Nov. 18th, 2010

davidn: (prince)
Now that we're a fair distance into the thirteenth game of the now comically inaccurately titled Final Fantasy series, I think it's time to start sharing my thoughts. We were put off for a while by the enemy that I referred to as Mecha-Pope, who is a man in a white robe who suddenly trans-forms into a titanic atrocity with upside-down distressed heads on its shoulders, which can split its entire face apart to reveal about eighteen cannons which blast you to oblivion very quickly indeed. It's like a fighting toy from the 80s... brought out of Silent Hill. But I finally got past him in a battle that lasted no more than twenty minutes, and can get back to whatever the plot dictated the party was supposed to be doing.

Except I don't really know what that is, because despite having been going for about thirty hours now, I still don't have a clue what's going on. I am not the best person to ask about penetrability of a storyline because I'm embarrassed to admit that I can't ever really say what's happening on Inspector Morse at all, for example, but I would go so far as to say that this one is unarguably badly told. I had to put the subtitles on very quickly because I had absolutely no idea what anybody was saying, or what the Sanctum, Psi-COM, fal'Cie, Cie'th, l'Cie, or various other fantasy words with unnecessary apostrophes were, and rather than dropping progressively greater hints as to what they're talking about like normal story narrative, you're just thrust into the middle with no explanation ever coming. Instead, the game throws a book at you - then dismantles the bookshelf and throws that at you as well, followed by the entire library, brick by brick. In the "Datalog" section of the menu, you're given a colossal amount of reading material that's never even pointed to by the game, describing the difference between Cocoon and Pulse and the arrival of the fal'Cie and other such vital information, and it just seems to assume that you've read all this before setting out. It's like the opposite of Hideo Kojima - you're given the same amount of information, but this is necessary and downplayed, rather than repetitive and expounded to death in cutscenes that last upwards of four hours.
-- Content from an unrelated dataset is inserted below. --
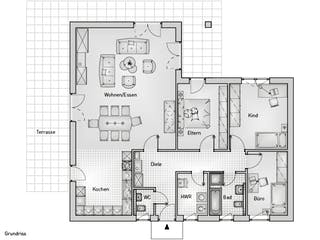 Massivhaus Family 40.12 von hebelHAUS Schlüsselfertig ab 300000€, Bungalow Grundriss 1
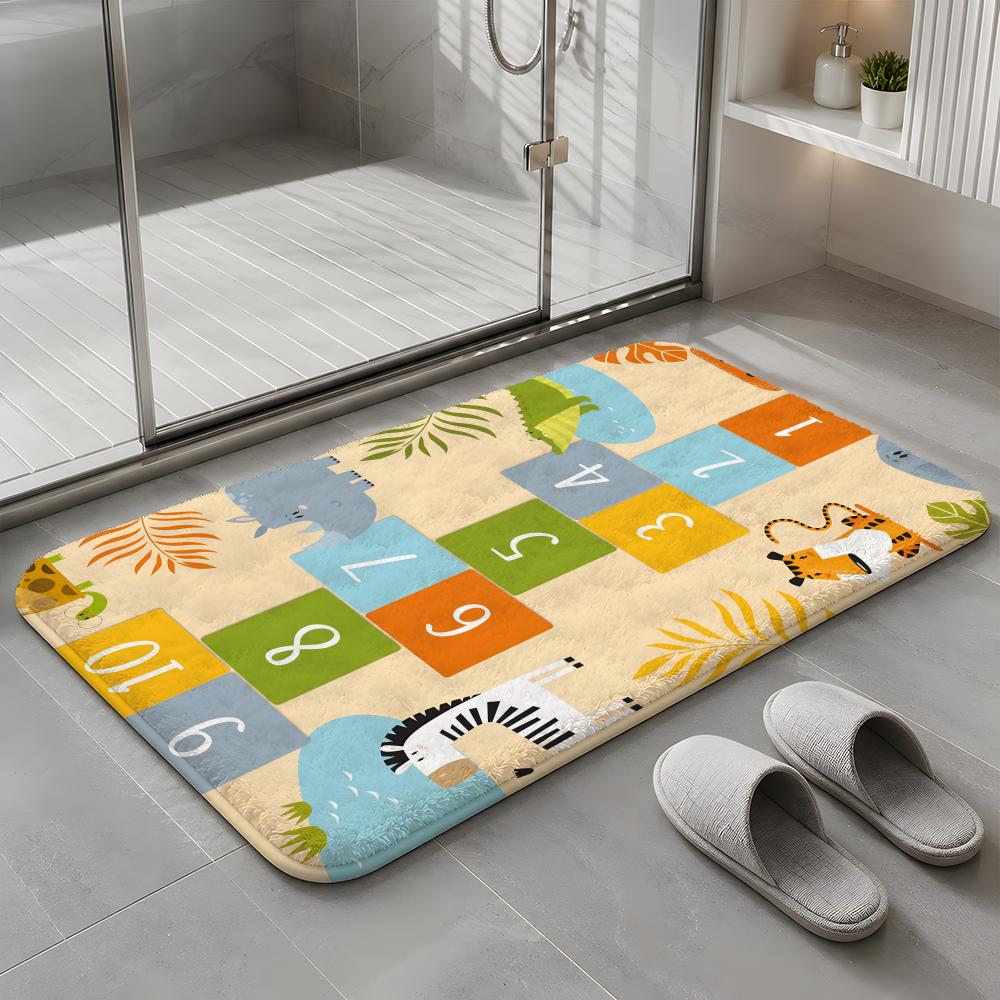 A-Alphabet Hopscotch Play Rug Floor Mat Soft Flannel Non-Slip Rug Washable Floor Mat for Living Room Bedroom Home Decor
Even in Japanese, this battle screen doesn't make any less sense


The gameplay is more infamous, and until very recently, I would have said that it seemed to be a very efficient but tragically unaware deconstruction of everything that JRPGs are about. All your progress throughout them is basically linear - through new towns to new dungeons and back again - so this game doesn't even try to disguise the fact that most of the dungeons are straight lines. And towns don't even really need to be there, if you could just put a "Shop" option on the save points (as indeed they have, in the form of electronic vendors - the whole presentation is oddly reminiscent of Ratchet and Clank). Money isn't that important, because what you're doing is taking the spoils from fights and eventually using them to improve yourself, so weapons can now be upgraded just by using arbitrary items on them like fangs, claws, oozes, ferroelectric film and bits of a toaster. Since they started getting each save point to completely heal you over the last couple of games, you would just return to a save point and heal yourself up after every battle anyway if striving to improve your levels, so this game doesn't keep a record of current HP at all and starts every fight with your health at maximum. And all you're really doing in those fights is getting characters to follow a strategy, so it has them do that automatically - you're only put in charge of the main character, with an "auto" button that you'll use 90% of the time. I was rather afraid that they'd forgotten that you were meant to bother having to actually play it on any sort of level.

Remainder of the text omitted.